I’m taking my ass halfway across the country because I’m tired of these politicians trying to limit the options of Black and Brown families in favor of their privilege.
Alongside me will be families, educators and community leaders who oppose these ridiculous bills. And we’ll be cheering on The Urban League, National Action Network and local NAACP chapters who chose the needs of Black communities over politics.
Here’s the part where you can do something too. That guy, Rep. McCarty, who is pushing hard to limit school options for his own Black constituents, refuses to even meet with the civil rights groups who wish to educate him on the truth about charter schools in the Black community.
So we’ve got a letter right here that you can sign your name to and send to him now.
Just click that “send” button and you can get a letter directly to McCarty himself. He needs to hear from all of us. Then maybe he and others will start listening.
Now, some of you may be thinking, “Well, that sounds like a California problem.” It’s not.

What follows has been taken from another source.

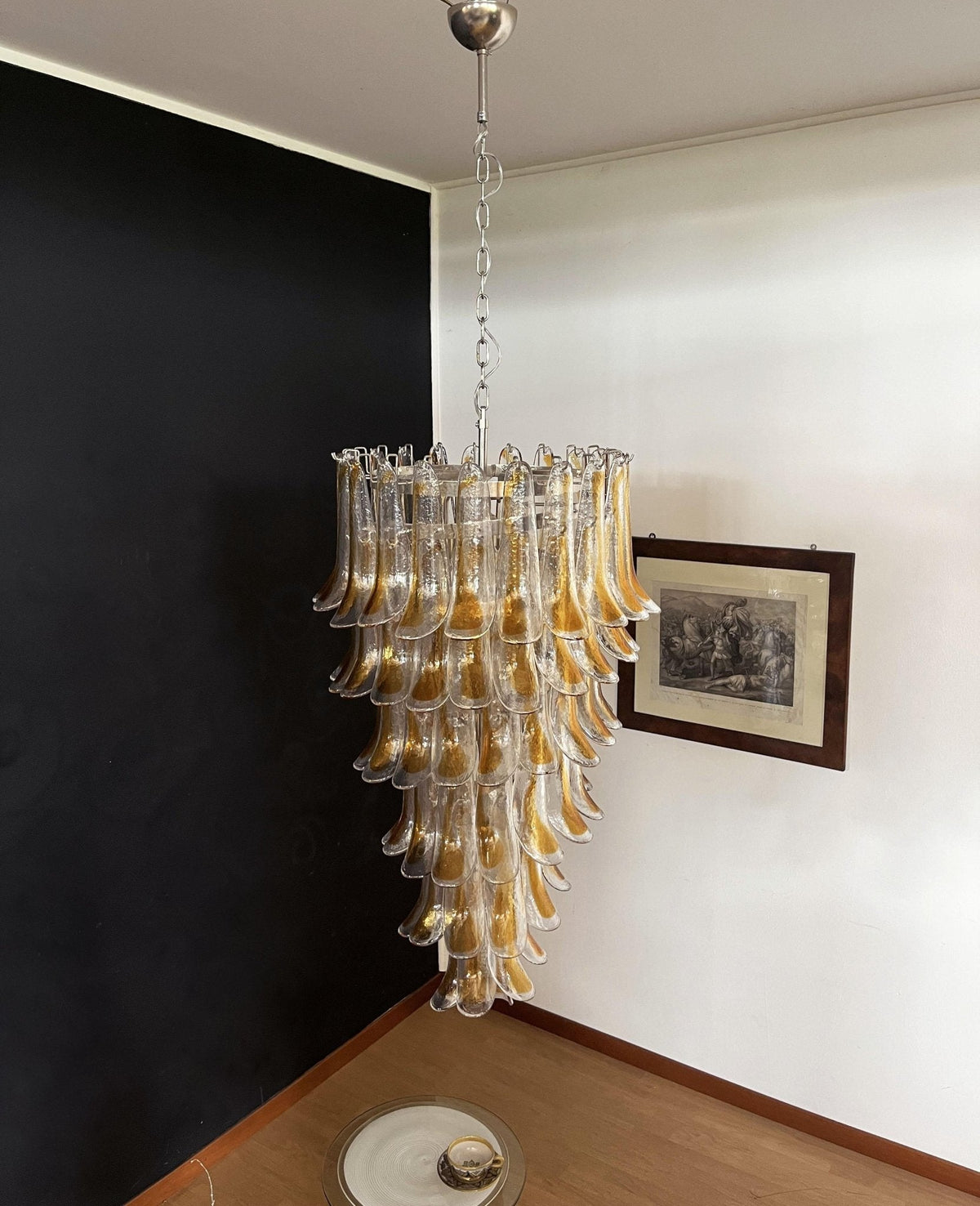 Eirinira lampadario petali in vetro di Murano dorato a Cascata Stratificata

As a matter of fact, during National Charter School Week and on the 65th anniversary of Brown v. Board, Bernie Sanders announced that he would push for moratorium on any new charter schools if he’s elected as president.
Look, I don’t care how liberal Bernie is—a rich, White man from Vermont who doesn’t even have a clear stance on reparations for Black people can’t tell me anything about what poor, underserved communities of color need—especially without offering any condemnation or even recognition of a public school system that’s failed us for generations.
But, I digress.
The point is, this is the culmination of a national attack on access to an equitable and quality education for Black and Latino students and families. Whether you’re a charter school supporter or not, I ask you to look beyond the smoke and mirrors and see that these politicians don’t care about and aren’t trying to fix education for our kids. And to keep our eyes off the prize of education liberation, they throw stupid obstacles in our way like this.

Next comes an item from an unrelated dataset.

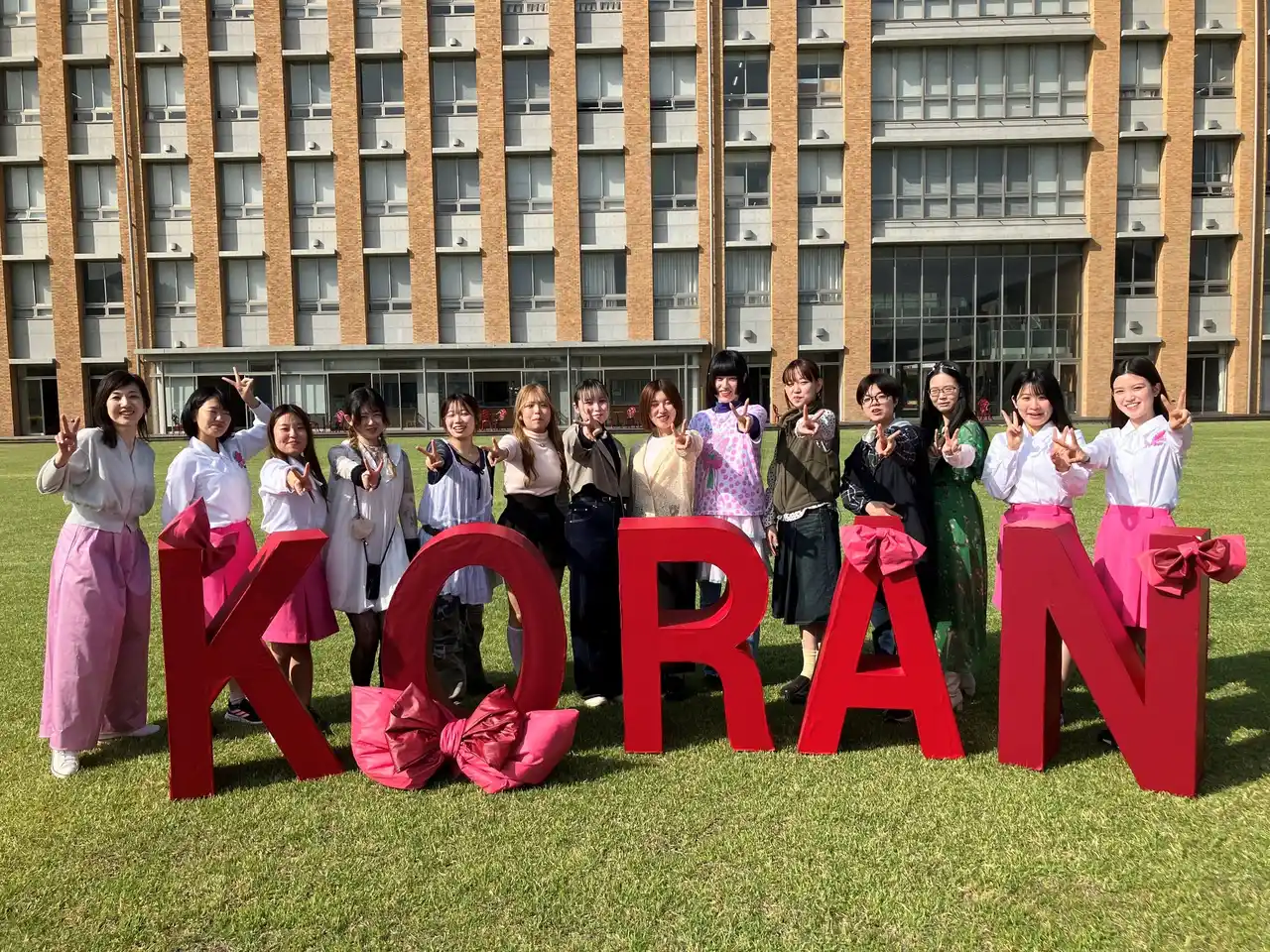 RKBラジオ「スナッピー」発足50周年記念　香蘭女子短期大学とのコラボレーションで誕生する新制服　7月21日（月・祝）放送の特別番組で初披露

I’d like to leave you with this—I think we can all agree that Thurgood Marshall was a true freedom fighter. And while Brown v. Board caused some unintended consequences, his efforts were dedicated to ensuring Black kids have equal access to good schools.
My friend, Erika Sanzi, asked if the honorable Mr. Marshall would appreciate having his name attached to Bernie’s plan.

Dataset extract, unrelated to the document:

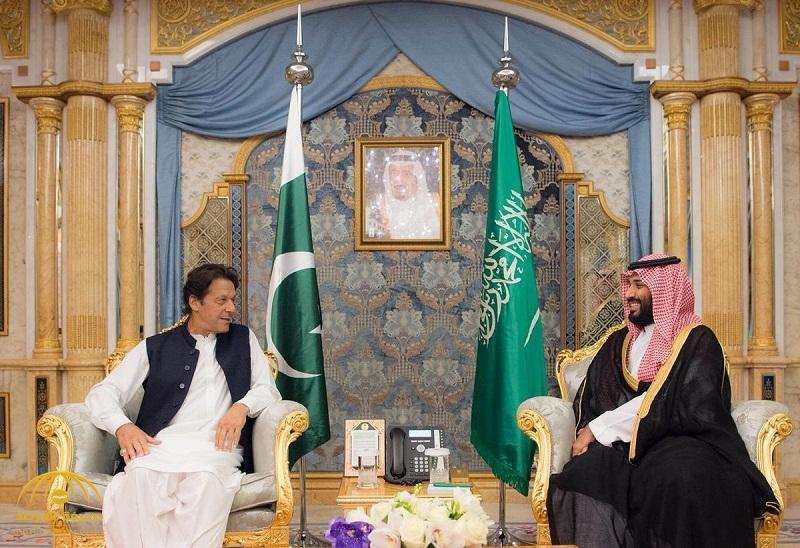 بالصور .. ولي العهد يلتقي رئيس وزراء باكستان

And my other friend, Vesia Hawkins, responded brilliantly with this tweet saying she can’t speak to what Thurgood Marshall would do.
Honestly, none of us knows what he would do. But based off his work, we can guess that Thurgood Marshall would not stand for a plan that limits school options for Black families.
And if you believed in Thurgood Marshall, his mission and legacy, neither would you. It’s time to fight for better schools for our kids, regardless of the model.